**AVAILABLE DATA**.
● ● ● ● ●

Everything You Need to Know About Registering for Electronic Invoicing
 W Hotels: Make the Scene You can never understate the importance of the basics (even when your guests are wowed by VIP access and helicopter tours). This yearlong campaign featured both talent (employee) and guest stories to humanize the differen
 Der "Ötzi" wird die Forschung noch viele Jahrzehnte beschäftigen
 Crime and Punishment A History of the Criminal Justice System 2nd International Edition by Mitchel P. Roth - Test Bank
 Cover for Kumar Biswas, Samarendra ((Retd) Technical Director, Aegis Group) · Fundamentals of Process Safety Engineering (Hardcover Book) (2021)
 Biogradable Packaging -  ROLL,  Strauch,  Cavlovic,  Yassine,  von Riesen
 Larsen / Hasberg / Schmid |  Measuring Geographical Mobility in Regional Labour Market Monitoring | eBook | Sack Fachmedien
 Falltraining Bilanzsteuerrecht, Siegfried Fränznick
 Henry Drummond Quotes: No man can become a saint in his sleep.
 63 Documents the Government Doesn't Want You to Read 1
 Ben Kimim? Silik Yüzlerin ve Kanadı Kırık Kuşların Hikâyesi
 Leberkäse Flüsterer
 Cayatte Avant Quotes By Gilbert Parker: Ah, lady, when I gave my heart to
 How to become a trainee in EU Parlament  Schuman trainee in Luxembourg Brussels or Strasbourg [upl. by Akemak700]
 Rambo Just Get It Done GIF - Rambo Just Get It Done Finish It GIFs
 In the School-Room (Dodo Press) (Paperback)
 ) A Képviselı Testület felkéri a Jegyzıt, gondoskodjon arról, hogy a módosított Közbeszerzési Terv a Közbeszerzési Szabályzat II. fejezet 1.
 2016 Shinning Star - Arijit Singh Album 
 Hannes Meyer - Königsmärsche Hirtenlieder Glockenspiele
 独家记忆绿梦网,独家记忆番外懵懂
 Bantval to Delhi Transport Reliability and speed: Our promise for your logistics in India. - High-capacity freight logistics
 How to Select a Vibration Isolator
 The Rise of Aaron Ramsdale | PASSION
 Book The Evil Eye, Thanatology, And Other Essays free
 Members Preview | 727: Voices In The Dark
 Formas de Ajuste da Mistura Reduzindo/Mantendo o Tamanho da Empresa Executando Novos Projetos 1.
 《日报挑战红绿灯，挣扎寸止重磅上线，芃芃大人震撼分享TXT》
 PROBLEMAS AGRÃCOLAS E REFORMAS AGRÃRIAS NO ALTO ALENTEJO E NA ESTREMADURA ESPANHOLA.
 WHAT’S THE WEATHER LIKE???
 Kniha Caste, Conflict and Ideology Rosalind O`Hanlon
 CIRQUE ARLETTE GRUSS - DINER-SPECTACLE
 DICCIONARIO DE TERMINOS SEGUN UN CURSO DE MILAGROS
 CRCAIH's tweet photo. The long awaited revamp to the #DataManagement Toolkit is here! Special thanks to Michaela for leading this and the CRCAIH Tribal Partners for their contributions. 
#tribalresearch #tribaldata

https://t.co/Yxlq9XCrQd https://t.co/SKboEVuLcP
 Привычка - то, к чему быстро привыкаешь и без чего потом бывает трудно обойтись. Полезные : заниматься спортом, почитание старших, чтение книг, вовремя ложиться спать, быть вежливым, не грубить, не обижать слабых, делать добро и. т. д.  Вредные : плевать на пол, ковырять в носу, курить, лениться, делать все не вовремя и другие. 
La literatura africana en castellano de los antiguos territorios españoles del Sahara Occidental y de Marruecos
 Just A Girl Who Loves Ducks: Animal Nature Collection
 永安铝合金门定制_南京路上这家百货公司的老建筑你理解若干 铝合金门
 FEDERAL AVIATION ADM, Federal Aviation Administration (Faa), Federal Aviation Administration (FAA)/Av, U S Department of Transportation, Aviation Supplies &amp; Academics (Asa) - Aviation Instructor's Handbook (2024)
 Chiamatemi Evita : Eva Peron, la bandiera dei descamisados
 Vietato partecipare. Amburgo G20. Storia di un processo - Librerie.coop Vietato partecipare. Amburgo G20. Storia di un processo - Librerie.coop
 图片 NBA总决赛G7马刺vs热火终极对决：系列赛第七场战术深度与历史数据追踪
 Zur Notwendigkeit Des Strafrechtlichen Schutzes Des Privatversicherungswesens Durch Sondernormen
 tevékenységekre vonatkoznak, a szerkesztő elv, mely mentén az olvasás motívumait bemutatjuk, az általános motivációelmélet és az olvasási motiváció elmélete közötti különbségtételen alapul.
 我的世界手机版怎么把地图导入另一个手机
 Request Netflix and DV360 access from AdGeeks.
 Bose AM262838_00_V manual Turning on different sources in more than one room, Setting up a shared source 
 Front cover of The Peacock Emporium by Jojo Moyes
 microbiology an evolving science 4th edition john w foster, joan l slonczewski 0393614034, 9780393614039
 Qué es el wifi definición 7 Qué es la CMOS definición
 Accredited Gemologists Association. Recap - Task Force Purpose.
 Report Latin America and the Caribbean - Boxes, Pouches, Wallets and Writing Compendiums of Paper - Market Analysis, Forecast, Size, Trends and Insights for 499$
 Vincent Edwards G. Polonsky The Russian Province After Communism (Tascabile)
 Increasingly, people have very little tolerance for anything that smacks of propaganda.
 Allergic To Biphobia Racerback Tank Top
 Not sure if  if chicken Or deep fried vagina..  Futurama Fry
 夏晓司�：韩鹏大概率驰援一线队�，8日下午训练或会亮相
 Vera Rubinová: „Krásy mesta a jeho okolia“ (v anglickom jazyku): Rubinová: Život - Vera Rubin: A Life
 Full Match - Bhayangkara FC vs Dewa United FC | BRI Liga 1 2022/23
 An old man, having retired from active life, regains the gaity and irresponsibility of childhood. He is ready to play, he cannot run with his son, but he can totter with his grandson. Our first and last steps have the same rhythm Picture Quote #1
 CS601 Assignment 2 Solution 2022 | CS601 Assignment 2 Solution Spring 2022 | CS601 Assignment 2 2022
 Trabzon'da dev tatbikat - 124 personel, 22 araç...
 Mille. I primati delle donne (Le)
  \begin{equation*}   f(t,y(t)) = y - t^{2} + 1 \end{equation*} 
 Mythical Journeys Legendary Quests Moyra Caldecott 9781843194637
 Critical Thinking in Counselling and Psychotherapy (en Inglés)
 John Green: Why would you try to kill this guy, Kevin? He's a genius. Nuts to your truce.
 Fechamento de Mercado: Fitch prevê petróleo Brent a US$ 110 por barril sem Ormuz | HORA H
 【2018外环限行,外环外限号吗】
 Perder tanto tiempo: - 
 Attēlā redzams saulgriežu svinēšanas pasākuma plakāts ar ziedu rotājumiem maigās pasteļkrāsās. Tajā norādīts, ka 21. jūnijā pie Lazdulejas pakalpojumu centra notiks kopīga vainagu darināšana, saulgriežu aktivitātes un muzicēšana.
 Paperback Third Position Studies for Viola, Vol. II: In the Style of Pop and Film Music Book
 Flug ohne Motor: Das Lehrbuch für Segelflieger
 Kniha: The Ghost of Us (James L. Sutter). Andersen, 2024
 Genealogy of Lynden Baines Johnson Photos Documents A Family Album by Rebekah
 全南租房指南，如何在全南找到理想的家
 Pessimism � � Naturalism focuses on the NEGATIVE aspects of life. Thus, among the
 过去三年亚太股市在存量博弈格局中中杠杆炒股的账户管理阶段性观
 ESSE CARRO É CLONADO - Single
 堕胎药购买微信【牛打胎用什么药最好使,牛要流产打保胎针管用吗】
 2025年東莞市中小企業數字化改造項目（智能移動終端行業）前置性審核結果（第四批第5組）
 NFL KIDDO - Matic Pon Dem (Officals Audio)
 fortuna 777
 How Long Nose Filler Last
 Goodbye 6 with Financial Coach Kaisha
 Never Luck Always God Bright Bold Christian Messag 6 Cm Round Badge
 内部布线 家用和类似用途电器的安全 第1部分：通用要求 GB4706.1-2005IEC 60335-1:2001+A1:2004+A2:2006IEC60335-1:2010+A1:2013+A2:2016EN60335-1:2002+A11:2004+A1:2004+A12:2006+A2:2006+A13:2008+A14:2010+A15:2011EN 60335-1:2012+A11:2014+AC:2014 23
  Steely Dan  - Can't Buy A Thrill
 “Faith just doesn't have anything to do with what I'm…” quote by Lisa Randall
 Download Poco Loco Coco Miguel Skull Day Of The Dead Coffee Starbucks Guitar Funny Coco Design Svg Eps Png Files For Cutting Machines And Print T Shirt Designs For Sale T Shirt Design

● ● ● ● ●

**INSTRUCTIONS FOR THE TASK**. Every line above that holds the word "Documents" should be copied out.

**RESULT**.
 63 Documents the Government Doesn't Want You to Read 1
 Genealogy of Lynden Baines Johnson Photos Documents A Family Album by Rebekah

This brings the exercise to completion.